Apabila membandingkan kadar serat kasar pada literature dengan hasil praktikum, dapat dinyatakan sebagai suatu kesalahan. Menurut literature, kadar serat kasar pada roti tawar adalah 0,6% per gram. Kesalahan tersebut kemungkinan disebabkan oleh hal- hal sebagai berikut:
1.      Kurang telitinya praktikan dalam melakukan prosedur praktikum.
2.      Serat yang dominan dalam roti tawar sampel adalah serat halus. Menurut literature, kadar serat kasar pada roti tawar adalah 1-7 % dari 1 ½ jumlah serat makanan total.
3.      Rentang pH pada saat pengurangan asam tidak mencapai 6. Sehingga ada beberapa pati yang tidak terhidrolisis dan mengganggu dalam proses analisa kadar serat. 
Tepung terigu merupakan hasil penghalusan dari beras. Apabila membandingkan antara kadar serat kasar pada hasil praktikum dengan literature, didapatkan bahwa kadar serat kasar pada sampel melebihi literature. Menurut literature, kadar serat pada tepung terigu adalah 0,6 %. Hal tersebut dapat dinyatakan sebagai suatu kesalahan karena perbedaannya terlampau jauh ( > 0,1 %). Kesalahan tersebut kemungkinan disebabkan oleh hal- hal sebagai berikut:
1.      Kurang telitinya praktikan dalam melakukan prosedur praktikum.
2.      Rentang pH pada saat pengurangan asam tidak mencapai 6. Sehingga ada beberapa pati yang tidak terhidrolisis dan mengganggu dalam proses analisa kadar serat. 
3.      Ada beberapa serat halus yang tidak ikut larut dalam air sehingga membuat gumpalan- gumpalan pada residu.
Kadar serat kasar pada ampas tapioca kering mencapai 0,033% sedangkan pada ampas tapioca basah akan mencapai 35% atau lebih ( Ikawati, 2006 ). Apabila membandingkan literature dengan hasil pengamatan, didapatkan bahwa kadar serat kasar praktikum berada diantara kadar serat kasar ampas tapioca basah dan kering. Karena praktikan kurang mengetahui jenis ampas tapioca yang digunakan, maka praktikan tidak dapat menyimpulkan kesalahan- kesalahan yang terjadi.


VI. KESIMPULAN
Berdasarkan hasil praktikum, didapatkan bahwa kadar serat kasar tepung terigu dan ampas tapiokan adalah 2% dan 10%. Sedangkan pada sampel roti tawar, didapatkan bahwa kadar serat kasarnya adalah 0%. Hasil tersebut apabila dibandingkan dengan literature menghasilkan data yang berbeda. Hal tersebut mungkin disebabkan oleh kondisi sampel yang kurang baik dan terjadinya beberapa kesalahan praktikan ketika melakukan prosedur praktikum.


DAFTAR PUSTAKA
Anonim. 2000. Standar Nasional Indonesia (SNI), Tepung Terigu Sebagai Bahan Makanan. Balai Besar Industri Hasil Pertanian (BBIHP). Departemen Perindustrian dan Perdagangan: Bogor


Apriyantono, Anton., dkk 1988. Analisis Pangan. PAU Pangan dan Gizi IPB. Bogor.

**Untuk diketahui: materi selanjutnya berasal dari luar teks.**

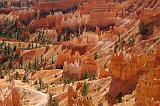Bryce Canyon 13
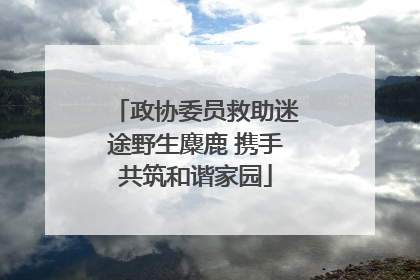 政协委员救助迷途野生麋鹿 携手共筑和谐家园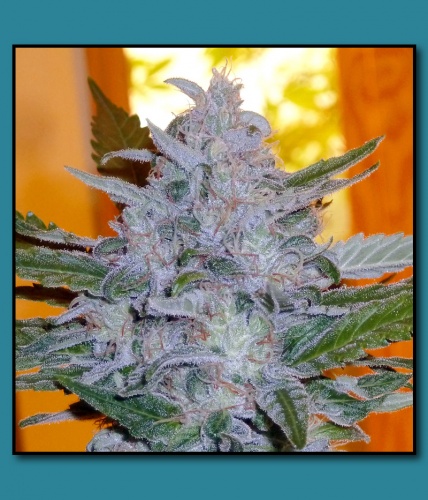 An image of Gorilla Kinder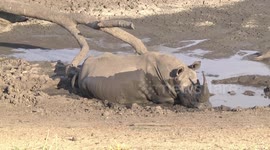 Mud, glorious mud! Huge rhino bathes in South African watering hole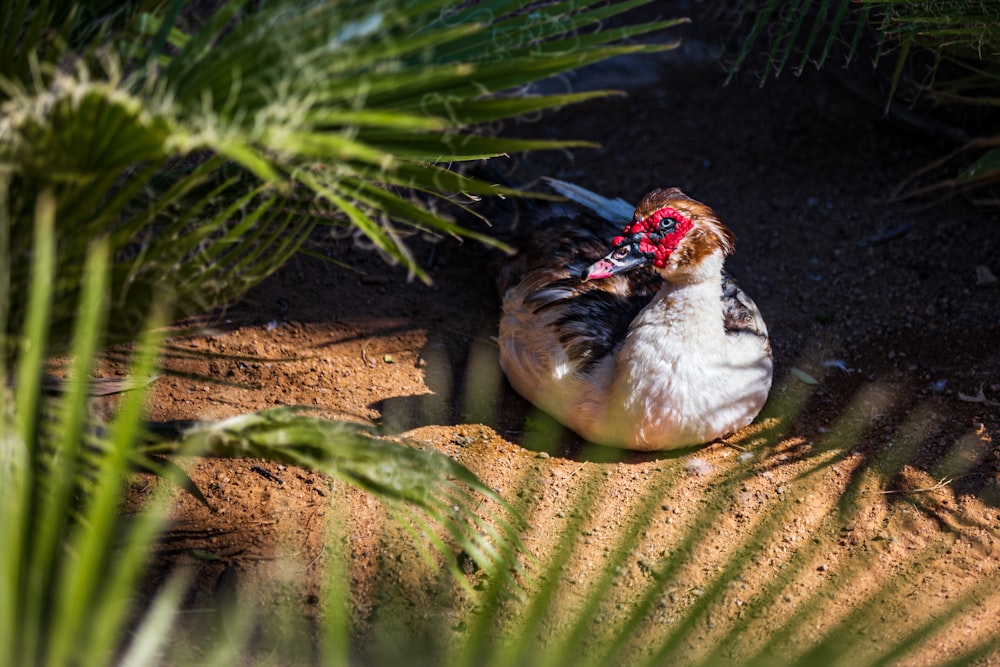 a bird sitting on the ground next to a palm tree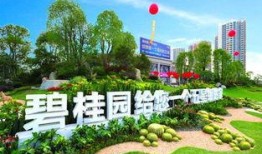 长垣碧桂园爆料最新消息,揭秘项目进展与未来规划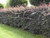 Copper beech hedge bare root plants for sale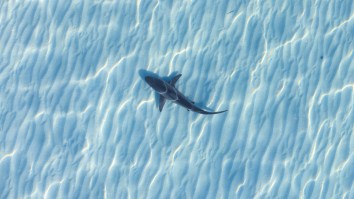 Tourist Has Both Hands Bitten Off In Shark Attack After Trying To Pose For A Photo In Turks & Caicos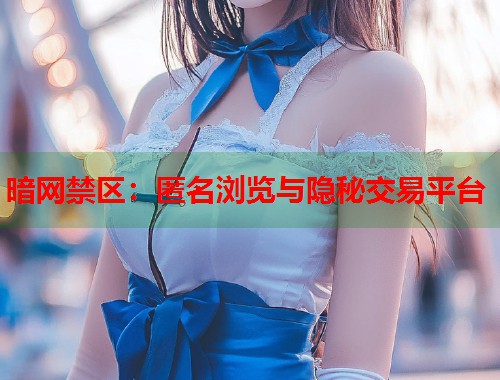 暗网禁区：匿名浏览与隐秘交易平台  第2张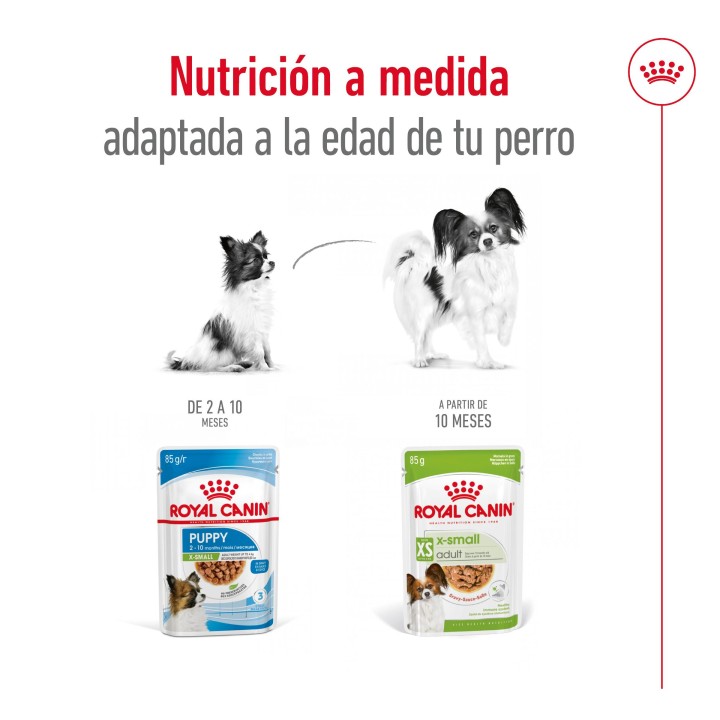 Royal Canin X-Small Adult Alimento Húmedo para Perros Pouch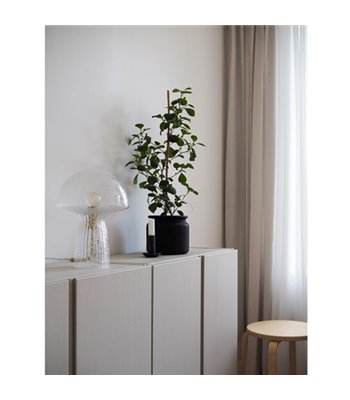 Globen Lighting Fungo 22 klar bordlampe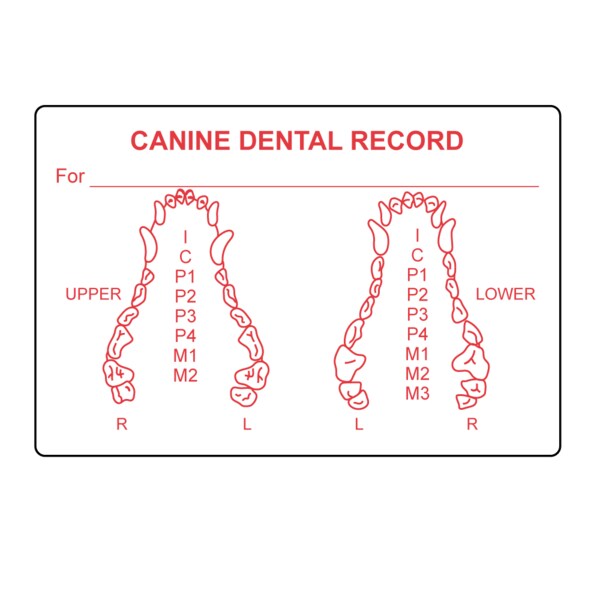 Nevs Canine Dental Label 2" x 3" White w/Red - VW-0062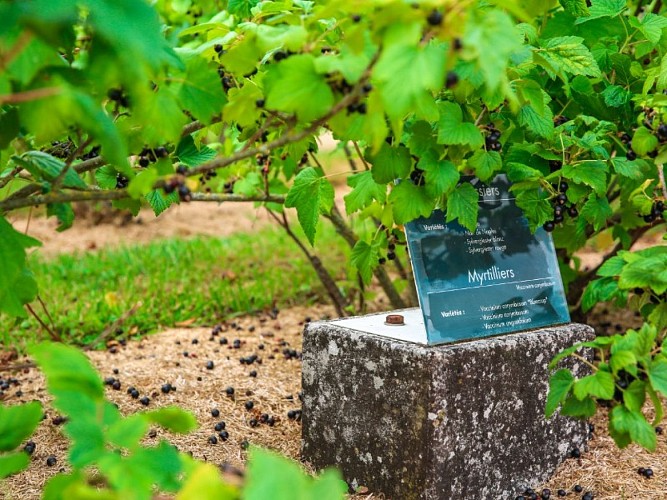 Jardins-de-l_abbaye-de-Saint-Georges-de-Boscherville--SMA--M (6)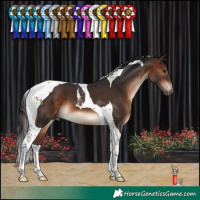 Horse Color:Brown Tobiano 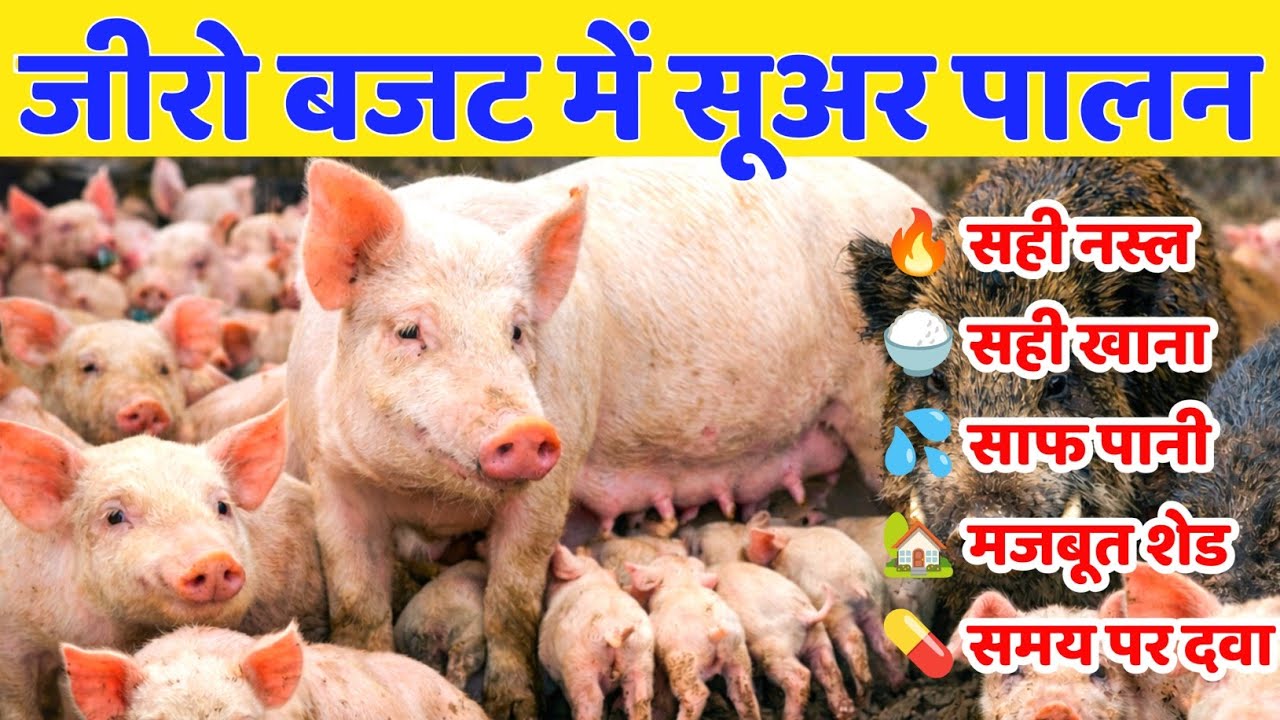 सूअर पालन कैसे करें | Suar Palan Business | Pig Farming in India | Low Cost Pig Farming Profit Guide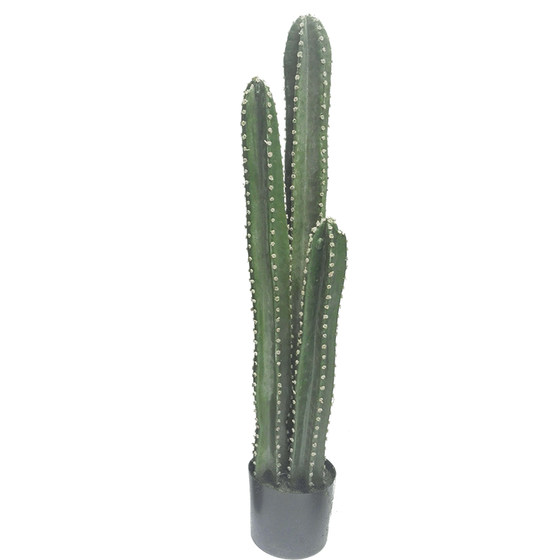 Nordic plants large floor-to-ceiling tropical display window home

Keenan,W.Charles. Kimia Untuk Universitas. Penerjemah : A.Hadyana Pudjaatmaka Ph.D.Erlangga.Jakarta.


Sudarmadji, Slamet, H.Bambang, Suhardi.2003. Analisa Bahan Makanan dan Pertanian. Liberty : Yogyakarta.


Winarno, F.G. 2008. Kimia pangan dan gizi. Jakarta : Gramedia.